# Suggested #wire for 125v/30amp, 200 ft. run for Travel Trailer



## caperez021972 (Jan 20, 2015)

Hello, I am looking for some help in choosing the right size wire for a 200' run in order to power my travel trailer and shed. 

Description of Run:

1. (Electrical Box) >>>>> 50ft. >>>>> (Sub Box, Small Shed / 4/20 amp. -120v outlets) >>>> 100 ft. >>>> (Travel Trailer 30 amp. Circuit)

Can someone please help.. I got the basics down, but not sure how to calculate voltage drop and other factors.


----------



## Vegas Sparky (Jan 6, 2015)

You need to know what the total load on the circuit is. A single rooftop air will draw 10-12A, the micro can be about the same. Lighting is all 12V, and the convertors usually max out around 5A on the 120V side. Fridge is the unknown(12V/120V/propane). You need some extra available ampacity for your creature comforts(TV/coffee maker/etc).

I have a building lot I set my toy hauler on for the ATV riding season. Trailer is placed about 150' away from a 400A service I set. I have an 8/6 cord I drag out. Two bellboxes on the end. One is 30A/120V for normal house power. The second is a 20A/120V circuit for a second air conditioner.


----------



## psychoguy42 (Nov 17, 2012)

Vegas Sparky has it right. You really have to look at the load you will be drawing.


----------



## caperez021972 (Jan 20, 2015)

Thanks for your response...but I'm not concerned to much with extra Amps other than making sure i get the recommended 30 amps to the trailer without loosing any due to the long run. I only have one plug and am also starting with a 400 amp service.

I understand #10 is good to about 100' plus..what should i use to make sure i dont loose anything at 200'. 

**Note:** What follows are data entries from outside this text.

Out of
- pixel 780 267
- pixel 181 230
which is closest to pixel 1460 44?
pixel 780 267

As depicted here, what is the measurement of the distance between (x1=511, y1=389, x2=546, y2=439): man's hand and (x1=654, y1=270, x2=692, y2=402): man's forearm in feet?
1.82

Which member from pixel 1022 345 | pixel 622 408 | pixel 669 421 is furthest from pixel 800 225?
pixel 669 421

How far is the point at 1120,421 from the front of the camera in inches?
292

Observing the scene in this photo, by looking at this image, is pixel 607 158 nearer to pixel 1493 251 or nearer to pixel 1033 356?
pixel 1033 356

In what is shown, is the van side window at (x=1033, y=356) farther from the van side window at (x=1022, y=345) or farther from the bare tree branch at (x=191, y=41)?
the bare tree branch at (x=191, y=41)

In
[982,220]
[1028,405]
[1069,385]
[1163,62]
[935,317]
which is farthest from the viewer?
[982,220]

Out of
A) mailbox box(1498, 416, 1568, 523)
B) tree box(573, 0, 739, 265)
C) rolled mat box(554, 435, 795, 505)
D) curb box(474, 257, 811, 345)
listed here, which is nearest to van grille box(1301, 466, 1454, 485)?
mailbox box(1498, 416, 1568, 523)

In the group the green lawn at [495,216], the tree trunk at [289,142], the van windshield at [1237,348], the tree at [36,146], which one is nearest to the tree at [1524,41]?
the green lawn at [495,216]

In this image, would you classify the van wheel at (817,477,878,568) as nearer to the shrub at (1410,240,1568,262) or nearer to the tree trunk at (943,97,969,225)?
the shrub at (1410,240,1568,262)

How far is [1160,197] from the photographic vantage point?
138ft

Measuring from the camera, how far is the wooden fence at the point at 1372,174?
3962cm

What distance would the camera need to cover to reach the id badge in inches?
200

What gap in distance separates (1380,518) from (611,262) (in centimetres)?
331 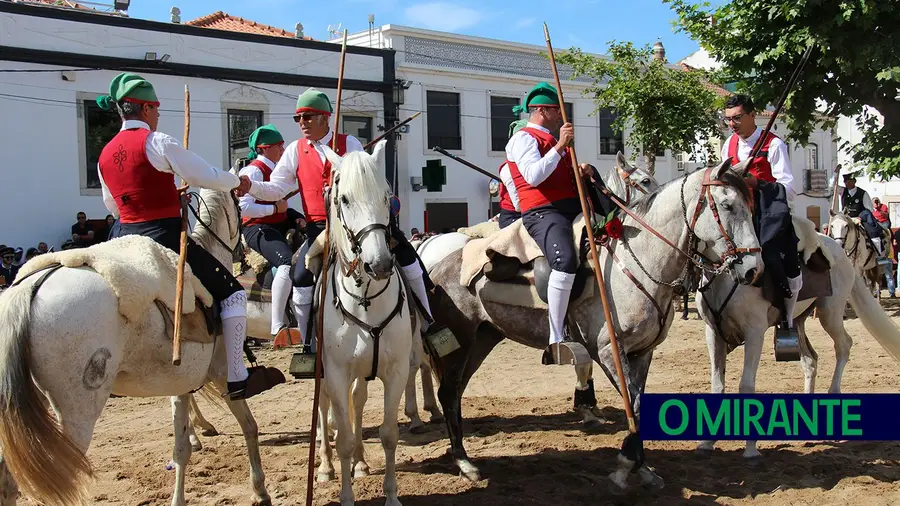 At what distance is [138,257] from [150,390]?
778mm

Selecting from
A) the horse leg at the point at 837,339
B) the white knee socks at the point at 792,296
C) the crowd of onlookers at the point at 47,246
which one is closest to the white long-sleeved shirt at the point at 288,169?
the white knee socks at the point at 792,296

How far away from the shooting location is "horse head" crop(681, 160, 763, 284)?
4.97 m

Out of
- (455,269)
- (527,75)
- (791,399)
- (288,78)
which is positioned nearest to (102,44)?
(288,78)

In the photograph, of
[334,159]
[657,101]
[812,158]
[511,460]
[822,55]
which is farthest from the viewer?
[812,158]

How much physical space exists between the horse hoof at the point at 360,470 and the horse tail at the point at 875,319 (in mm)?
4783

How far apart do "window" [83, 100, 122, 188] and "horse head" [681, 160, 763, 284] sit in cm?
1698

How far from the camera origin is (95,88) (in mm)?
18891

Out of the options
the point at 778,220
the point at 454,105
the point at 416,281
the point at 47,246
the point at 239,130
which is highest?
the point at 454,105

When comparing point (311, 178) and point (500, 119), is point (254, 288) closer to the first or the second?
point (311, 178)

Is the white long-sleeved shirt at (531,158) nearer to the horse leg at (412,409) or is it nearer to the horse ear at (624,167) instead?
the horse leg at (412,409)

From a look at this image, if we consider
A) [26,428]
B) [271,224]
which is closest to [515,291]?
[271,224]

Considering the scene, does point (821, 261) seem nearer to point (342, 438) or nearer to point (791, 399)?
point (791, 399)

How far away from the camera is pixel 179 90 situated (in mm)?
20172

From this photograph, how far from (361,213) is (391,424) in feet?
4.84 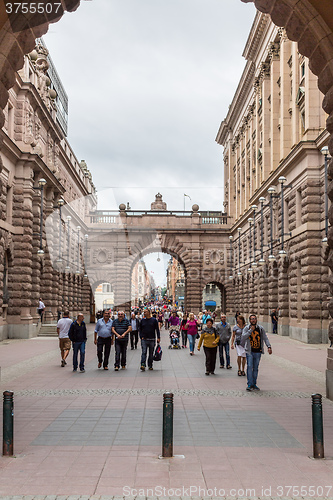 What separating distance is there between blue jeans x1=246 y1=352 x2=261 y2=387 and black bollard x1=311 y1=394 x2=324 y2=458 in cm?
506

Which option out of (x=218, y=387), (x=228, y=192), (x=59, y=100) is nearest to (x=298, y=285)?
(x=218, y=387)

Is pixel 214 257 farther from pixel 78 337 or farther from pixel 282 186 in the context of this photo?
pixel 78 337

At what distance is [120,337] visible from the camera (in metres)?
15.4

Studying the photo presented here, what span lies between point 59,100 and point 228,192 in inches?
828

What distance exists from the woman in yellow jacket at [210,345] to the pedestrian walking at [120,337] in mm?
2427

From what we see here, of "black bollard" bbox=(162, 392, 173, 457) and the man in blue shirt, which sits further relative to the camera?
the man in blue shirt

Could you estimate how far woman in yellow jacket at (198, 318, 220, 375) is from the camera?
47.2 ft

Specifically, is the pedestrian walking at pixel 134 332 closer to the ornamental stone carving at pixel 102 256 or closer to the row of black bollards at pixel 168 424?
the row of black bollards at pixel 168 424

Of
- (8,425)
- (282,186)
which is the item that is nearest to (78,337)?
(8,425)

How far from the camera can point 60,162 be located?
41.1m

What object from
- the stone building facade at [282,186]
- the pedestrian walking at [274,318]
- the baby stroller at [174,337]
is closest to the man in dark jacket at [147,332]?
the baby stroller at [174,337]

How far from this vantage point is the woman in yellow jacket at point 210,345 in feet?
47.2

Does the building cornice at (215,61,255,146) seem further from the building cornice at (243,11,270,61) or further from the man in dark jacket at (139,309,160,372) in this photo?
the man in dark jacket at (139,309,160,372)

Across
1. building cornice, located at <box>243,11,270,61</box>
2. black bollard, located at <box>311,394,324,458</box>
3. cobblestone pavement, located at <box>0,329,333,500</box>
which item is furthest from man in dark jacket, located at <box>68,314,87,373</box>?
building cornice, located at <box>243,11,270,61</box> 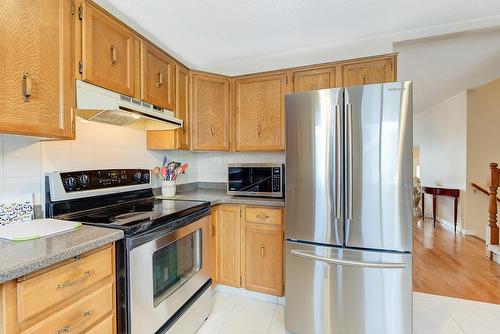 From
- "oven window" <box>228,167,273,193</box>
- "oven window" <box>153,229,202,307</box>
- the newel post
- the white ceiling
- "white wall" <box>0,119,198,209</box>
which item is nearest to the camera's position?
"white wall" <box>0,119,198,209</box>

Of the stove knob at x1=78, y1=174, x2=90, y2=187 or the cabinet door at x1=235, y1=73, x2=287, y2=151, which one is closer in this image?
the stove knob at x1=78, y1=174, x2=90, y2=187

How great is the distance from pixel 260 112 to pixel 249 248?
4.30ft

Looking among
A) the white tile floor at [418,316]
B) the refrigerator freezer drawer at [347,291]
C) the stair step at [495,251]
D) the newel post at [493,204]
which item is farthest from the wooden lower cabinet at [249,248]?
the newel post at [493,204]

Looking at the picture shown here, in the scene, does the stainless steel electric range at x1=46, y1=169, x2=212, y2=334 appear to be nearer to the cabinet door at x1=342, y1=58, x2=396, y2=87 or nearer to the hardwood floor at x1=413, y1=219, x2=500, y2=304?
the cabinet door at x1=342, y1=58, x2=396, y2=87

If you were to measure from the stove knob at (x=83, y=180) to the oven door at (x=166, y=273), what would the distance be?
69 cm

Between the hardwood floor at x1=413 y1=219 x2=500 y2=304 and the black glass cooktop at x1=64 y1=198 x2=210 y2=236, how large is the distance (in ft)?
7.85

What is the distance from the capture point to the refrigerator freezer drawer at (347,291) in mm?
1481

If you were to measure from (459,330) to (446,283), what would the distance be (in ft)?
2.72

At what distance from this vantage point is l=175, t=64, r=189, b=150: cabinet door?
226 centimetres

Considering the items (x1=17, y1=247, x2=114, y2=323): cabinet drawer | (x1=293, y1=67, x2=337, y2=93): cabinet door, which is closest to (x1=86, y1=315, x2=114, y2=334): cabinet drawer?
(x1=17, y1=247, x2=114, y2=323): cabinet drawer

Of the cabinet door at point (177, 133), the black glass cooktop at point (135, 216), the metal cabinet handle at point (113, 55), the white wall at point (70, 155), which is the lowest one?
the black glass cooktop at point (135, 216)

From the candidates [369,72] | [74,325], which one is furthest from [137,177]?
[369,72]

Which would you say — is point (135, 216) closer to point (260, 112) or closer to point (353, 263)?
point (353, 263)

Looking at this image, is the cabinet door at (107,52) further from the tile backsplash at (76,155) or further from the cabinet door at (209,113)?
the cabinet door at (209,113) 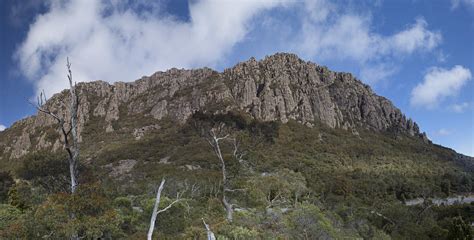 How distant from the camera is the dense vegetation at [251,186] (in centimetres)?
1727

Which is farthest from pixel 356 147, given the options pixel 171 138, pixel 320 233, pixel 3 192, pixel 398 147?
pixel 320 233

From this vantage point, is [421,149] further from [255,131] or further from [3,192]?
[3,192]

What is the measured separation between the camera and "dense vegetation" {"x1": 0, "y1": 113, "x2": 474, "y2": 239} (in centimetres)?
1727

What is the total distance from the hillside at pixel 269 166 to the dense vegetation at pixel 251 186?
0.19m

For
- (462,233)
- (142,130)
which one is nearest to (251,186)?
(462,233)

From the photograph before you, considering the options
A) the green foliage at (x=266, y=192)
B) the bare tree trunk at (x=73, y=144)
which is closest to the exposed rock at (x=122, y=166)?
the green foliage at (x=266, y=192)

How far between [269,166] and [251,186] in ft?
246

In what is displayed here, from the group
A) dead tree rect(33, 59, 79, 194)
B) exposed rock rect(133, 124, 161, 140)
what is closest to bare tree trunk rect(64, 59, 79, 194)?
dead tree rect(33, 59, 79, 194)

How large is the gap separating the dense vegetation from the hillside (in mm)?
190

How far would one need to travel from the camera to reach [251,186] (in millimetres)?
25125

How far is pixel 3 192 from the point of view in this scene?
56094 millimetres

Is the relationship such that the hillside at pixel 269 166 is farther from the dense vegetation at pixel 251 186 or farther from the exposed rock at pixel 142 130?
the exposed rock at pixel 142 130

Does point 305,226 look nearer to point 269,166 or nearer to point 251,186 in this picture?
point 251,186

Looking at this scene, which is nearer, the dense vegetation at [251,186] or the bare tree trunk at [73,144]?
the bare tree trunk at [73,144] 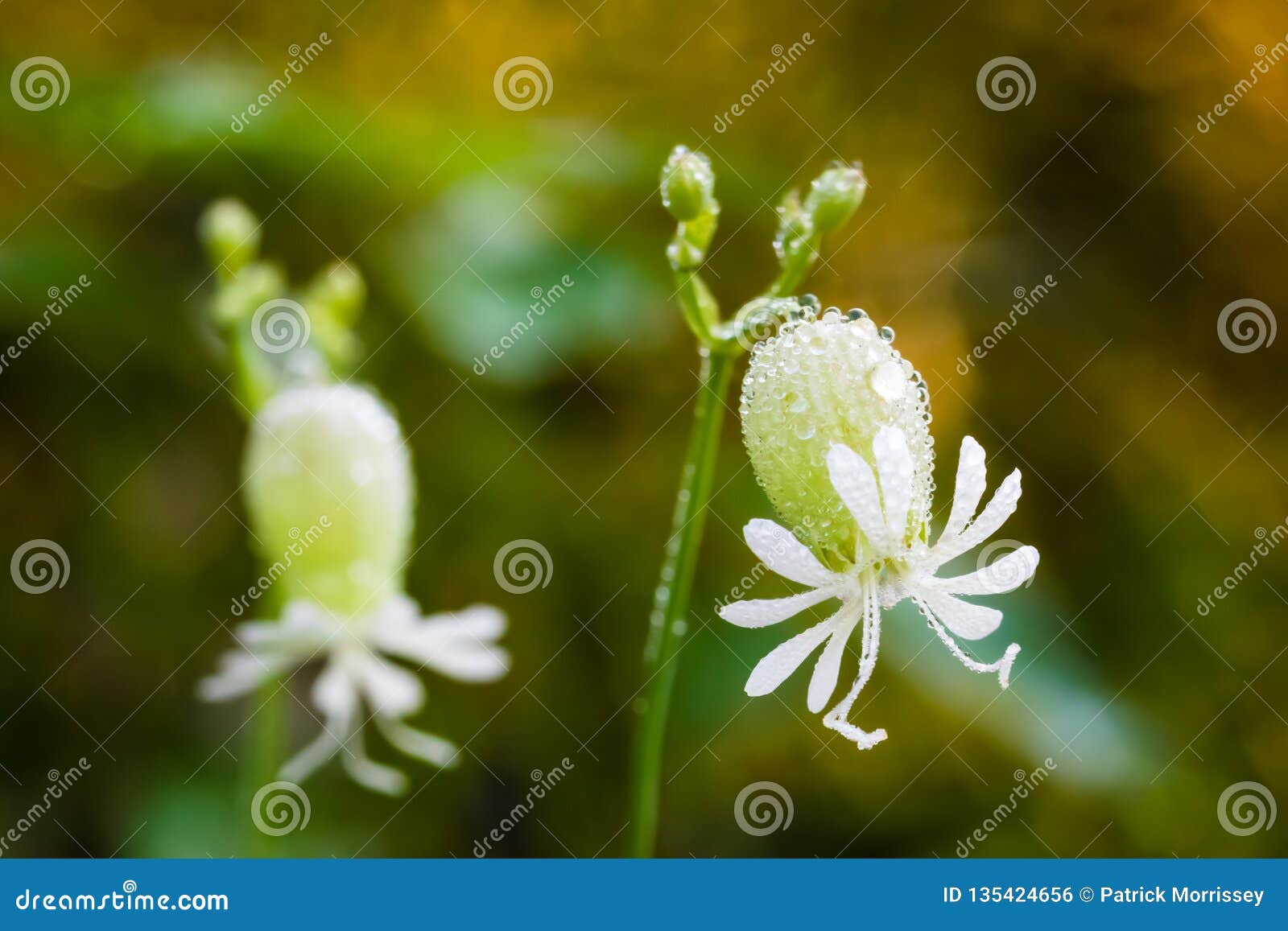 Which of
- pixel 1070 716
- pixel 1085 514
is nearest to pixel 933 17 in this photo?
pixel 1085 514

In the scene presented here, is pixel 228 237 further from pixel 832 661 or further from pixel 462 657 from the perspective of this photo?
pixel 832 661

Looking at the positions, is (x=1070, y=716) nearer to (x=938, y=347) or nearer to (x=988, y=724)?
(x=988, y=724)

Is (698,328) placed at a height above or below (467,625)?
above

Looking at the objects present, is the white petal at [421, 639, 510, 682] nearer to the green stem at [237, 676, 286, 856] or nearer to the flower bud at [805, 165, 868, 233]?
the green stem at [237, 676, 286, 856]

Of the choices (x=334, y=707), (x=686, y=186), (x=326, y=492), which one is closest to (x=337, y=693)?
(x=334, y=707)

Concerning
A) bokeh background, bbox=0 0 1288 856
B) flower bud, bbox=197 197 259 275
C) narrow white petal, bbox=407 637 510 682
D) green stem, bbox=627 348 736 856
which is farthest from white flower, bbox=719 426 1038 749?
flower bud, bbox=197 197 259 275

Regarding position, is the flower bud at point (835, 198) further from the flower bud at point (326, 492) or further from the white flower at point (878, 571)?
the flower bud at point (326, 492) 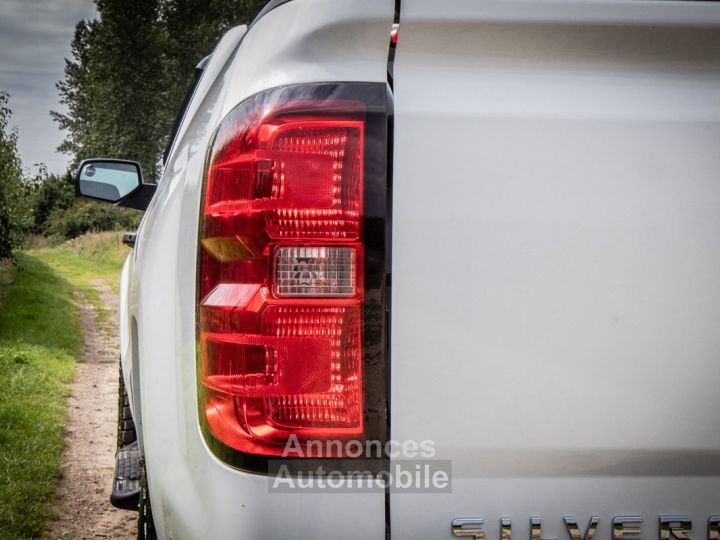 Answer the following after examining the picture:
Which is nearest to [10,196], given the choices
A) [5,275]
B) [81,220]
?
[5,275]

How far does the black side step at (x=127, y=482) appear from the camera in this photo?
2812 millimetres

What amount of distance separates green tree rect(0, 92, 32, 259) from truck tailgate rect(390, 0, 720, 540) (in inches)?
572

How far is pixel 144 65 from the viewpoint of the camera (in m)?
37.0

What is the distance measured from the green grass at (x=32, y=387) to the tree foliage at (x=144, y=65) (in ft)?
68.7

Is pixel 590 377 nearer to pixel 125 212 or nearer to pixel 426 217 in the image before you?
pixel 426 217

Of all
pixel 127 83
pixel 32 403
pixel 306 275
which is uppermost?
pixel 127 83

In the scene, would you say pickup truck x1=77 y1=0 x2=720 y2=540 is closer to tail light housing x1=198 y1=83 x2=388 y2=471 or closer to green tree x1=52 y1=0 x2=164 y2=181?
tail light housing x1=198 y1=83 x2=388 y2=471

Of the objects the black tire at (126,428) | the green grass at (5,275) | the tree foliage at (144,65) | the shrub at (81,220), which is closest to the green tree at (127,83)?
the tree foliage at (144,65)

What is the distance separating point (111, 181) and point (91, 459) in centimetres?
252

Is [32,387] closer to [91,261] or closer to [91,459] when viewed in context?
[91,459]

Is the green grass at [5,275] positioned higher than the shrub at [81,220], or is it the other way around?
the shrub at [81,220]

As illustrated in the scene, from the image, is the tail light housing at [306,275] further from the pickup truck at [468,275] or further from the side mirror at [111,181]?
the side mirror at [111,181]

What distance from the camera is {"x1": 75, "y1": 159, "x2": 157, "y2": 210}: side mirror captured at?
3.31 metres

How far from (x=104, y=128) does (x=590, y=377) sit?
128ft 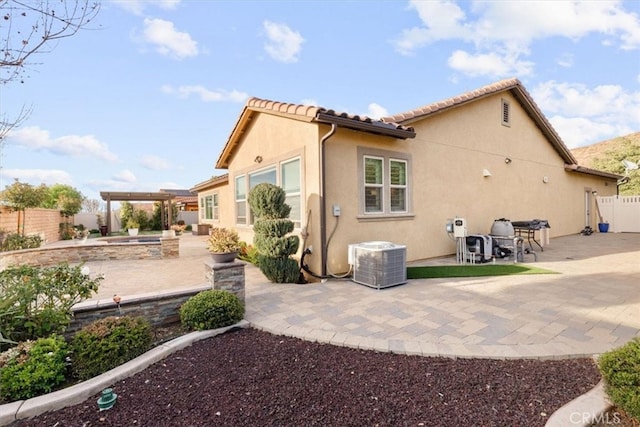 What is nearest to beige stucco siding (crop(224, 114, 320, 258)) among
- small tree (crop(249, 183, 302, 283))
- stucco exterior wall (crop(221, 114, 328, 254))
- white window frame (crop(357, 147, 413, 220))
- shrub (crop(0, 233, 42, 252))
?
stucco exterior wall (crop(221, 114, 328, 254))

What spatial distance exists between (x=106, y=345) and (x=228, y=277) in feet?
6.09

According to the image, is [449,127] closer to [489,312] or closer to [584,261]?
[584,261]

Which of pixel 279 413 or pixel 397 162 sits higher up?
pixel 397 162

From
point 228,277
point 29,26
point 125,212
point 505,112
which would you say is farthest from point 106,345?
point 125,212

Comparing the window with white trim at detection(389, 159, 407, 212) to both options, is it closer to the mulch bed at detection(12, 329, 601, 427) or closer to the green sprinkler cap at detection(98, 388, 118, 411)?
the mulch bed at detection(12, 329, 601, 427)

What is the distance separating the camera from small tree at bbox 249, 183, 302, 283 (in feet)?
22.6

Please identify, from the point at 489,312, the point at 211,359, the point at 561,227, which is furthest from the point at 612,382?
the point at 561,227

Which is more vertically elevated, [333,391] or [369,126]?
[369,126]

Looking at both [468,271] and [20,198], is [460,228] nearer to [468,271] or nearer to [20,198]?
[468,271]

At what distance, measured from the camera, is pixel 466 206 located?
10.5 meters

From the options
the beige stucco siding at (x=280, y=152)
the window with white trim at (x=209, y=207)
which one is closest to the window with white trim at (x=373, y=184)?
the beige stucco siding at (x=280, y=152)

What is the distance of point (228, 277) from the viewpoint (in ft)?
15.9

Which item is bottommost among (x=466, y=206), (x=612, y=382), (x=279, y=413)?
(x=279, y=413)

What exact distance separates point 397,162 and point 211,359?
710 cm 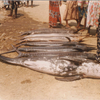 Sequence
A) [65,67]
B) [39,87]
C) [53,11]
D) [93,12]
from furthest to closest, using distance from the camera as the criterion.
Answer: [53,11], [93,12], [65,67], [39,87]

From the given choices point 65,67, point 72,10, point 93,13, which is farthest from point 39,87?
point 72,10

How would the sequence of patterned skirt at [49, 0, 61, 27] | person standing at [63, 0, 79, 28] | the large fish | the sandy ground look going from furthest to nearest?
person standing at [63, 0, 79, 28], patterned skirt at [49, 0, 61, 27], the large fish, the sandy ground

I was thinking of starting with #8 to the shed and then #10 to the trailer. Dp you think this will get me what i need.​


----------



## lenaitch (Feb 10, 2014)

4x20a outlets + 30a trailer = potential total load capacity of 110a.


----------



## sparky48 (Dec 24, 2014)

caperez021972 said:


> Thanks for your response...but I'm not concerned to much with extra Amps other than making sure i get the recommended 30 amps to the trailer without loosing any due to the long run. I only have one plug and am also starting with a 400 amp service.
> 
> I understand #10 is good to about 100' plus..what should i use to make sure i dont loose anything at 200'.
> 
> I was thinking of starting with #8 to the shed and then #10 to the trailer. Dp you think this will get me what i need.​


I guess I'm not understanding your measurements but if it's a 200' run 120V 30A I would use #4 copper. That would give you less then a 3% drop over the distance. Amperage is constant. If you start with 30 you end up with 30 or whatever size over current device you are protecting the circuit with.


----------



## AllanJ (Nov 24, 2007)

You start by figuring out the total load (what lights, air conditioner, appliances, etc.) you are going to run in order to figure out how many amperes you need.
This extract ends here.